Could you set down the listing below exactly, leaving out its pictures?
*** Opening Given data ***
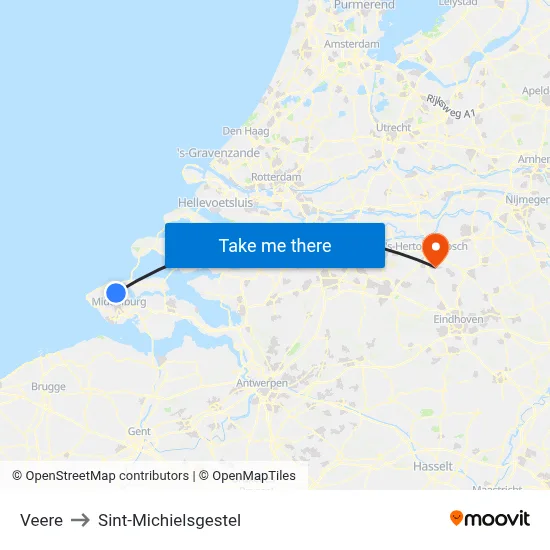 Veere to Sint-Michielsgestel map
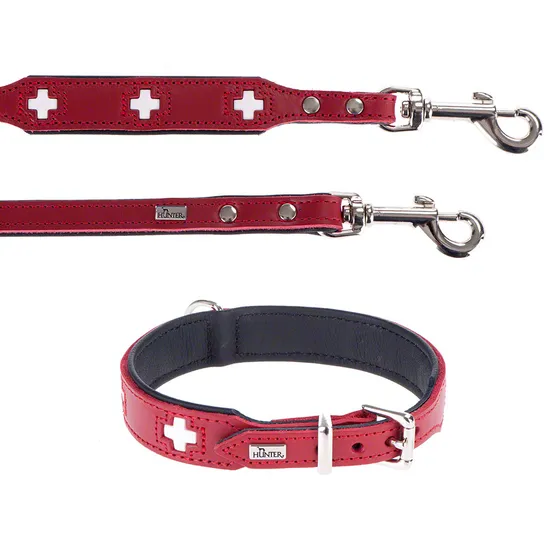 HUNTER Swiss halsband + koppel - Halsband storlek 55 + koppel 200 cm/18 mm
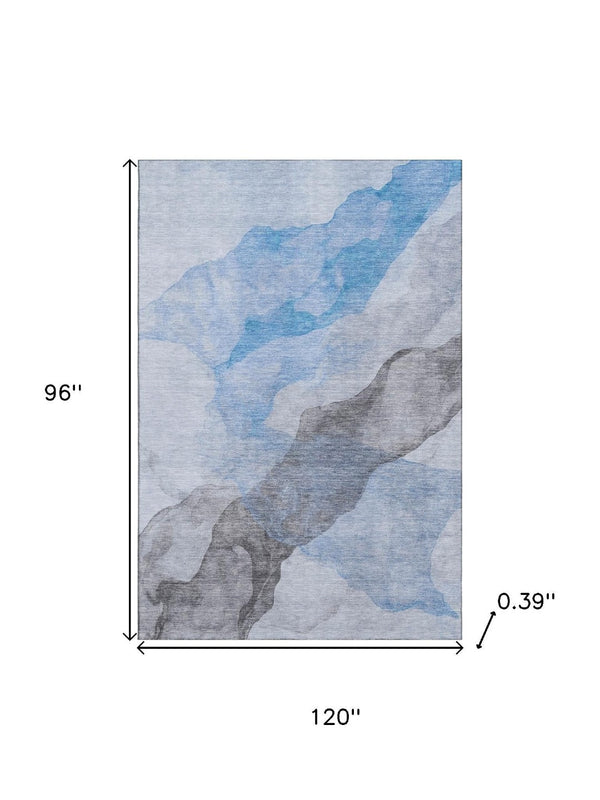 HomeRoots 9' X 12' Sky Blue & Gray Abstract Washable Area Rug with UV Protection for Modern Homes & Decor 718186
*** Closing Given data ***
The answer:
 Veere to Sint-Michielsgestel map
 HUNTER Swiss halsband + koppel - Halsband storlek 55 + koppel 200 cm/18 mm
 HomeRoots 9' X 12' Sky Blue & Gray Abstract Washable Area Rug with UV Protection for Modern Homes & Decor 718186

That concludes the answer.